In this paper, the possibility of creation of the relatively inexpensive diagnostic system has been discussed, which could be implemented on a patrol vehicle enabling remote measurements of exhaust emissions from automotive combustion engines during their normal road operation. The system’s purpose is to determine the likelihood of a given vehicle’s potential harmfulness to the environment. The sensor system utilizes electrochemical, optoelectrical, and laser-based sensors. A light array composed of visible, ultraviolet, and infrared light sources was incorporated, working in conjunction with spectrometers. The light is received by spectrometer detectors, which transmit information about light detection levels for various electromagnetic wavelengths. The physical phenomena used include absorption, light scattering, and photoacoustic and electrochemical phenomena.
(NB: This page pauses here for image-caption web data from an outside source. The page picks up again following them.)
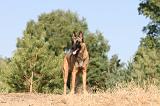 MALINOIS 116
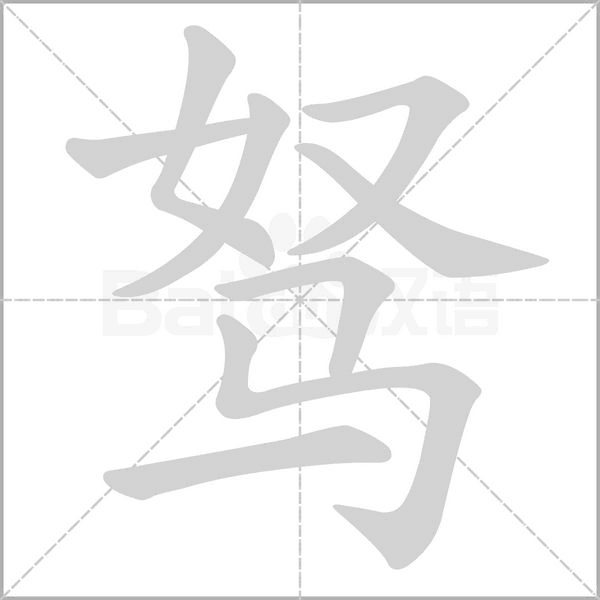 驽笔顺动图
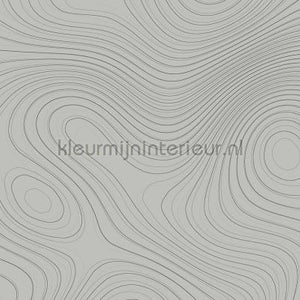 AS Creation Walls by Patel dd110851 | Bestellen bij https://www.kleurmijninterieur.nl/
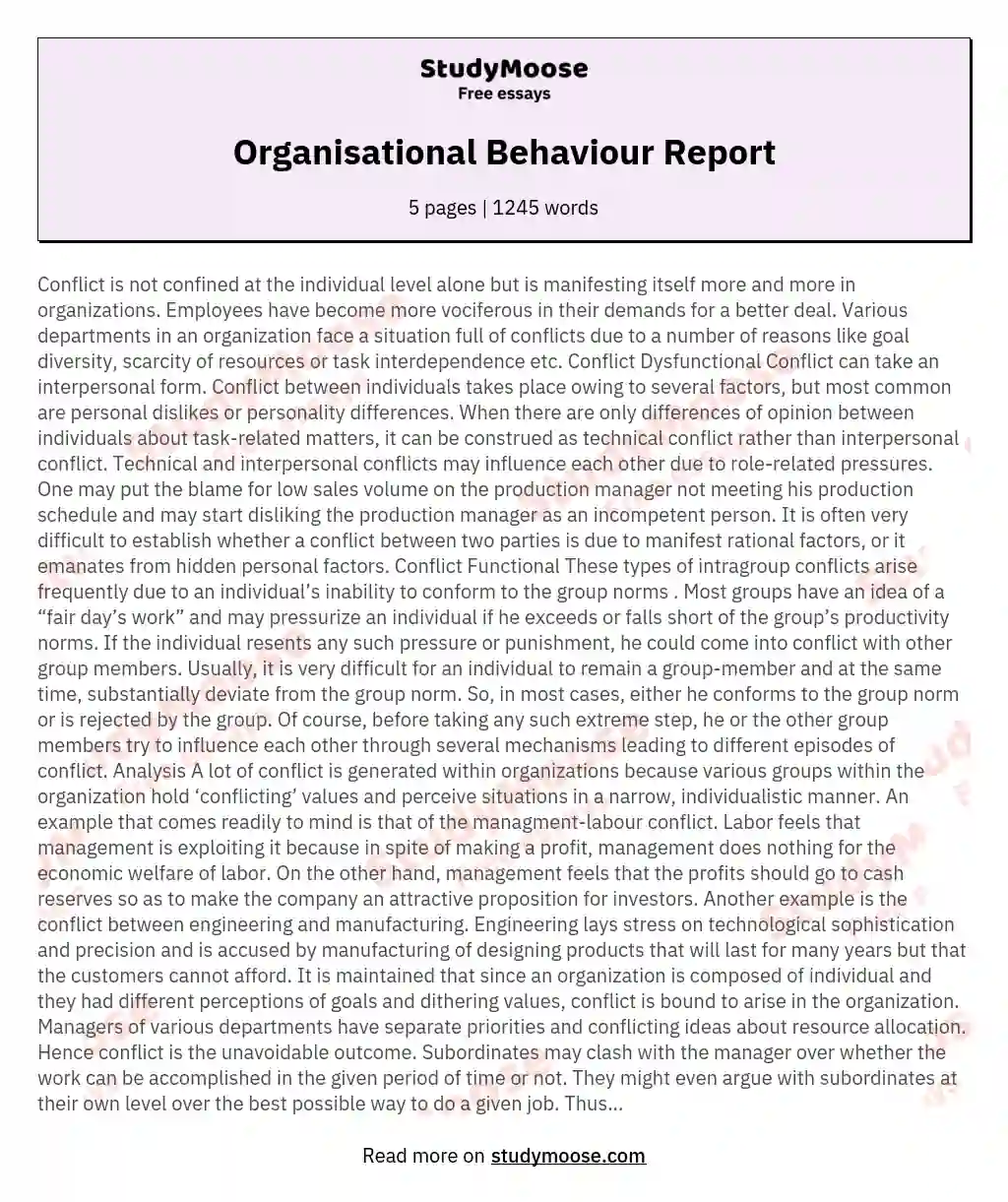 Organisational Behaviour Report essay
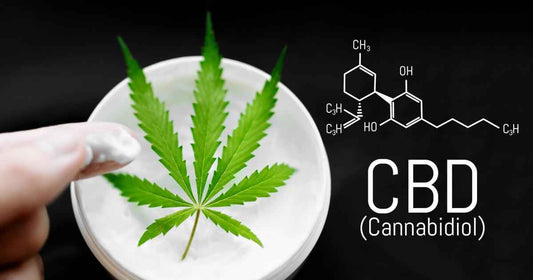 CBD Products Online Near Me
The kit has been enhanced with proprietary solutions that extend its functionality. The system is managed by dedicated software, and multi-criteria parameter analysis allows for accurate conclusions based on the conducted tests. The sensor system was built as a mobile laboratory, allowing for the performance of various measurement experiments.

This system, implemented in a patrol vehicle, could detect vehicles posing a threat to the environment on the road. Installed in the front of a roadside measurement vehicle, it could conduct numerous roadside inspections, leading to the identification of potential environmental hazards.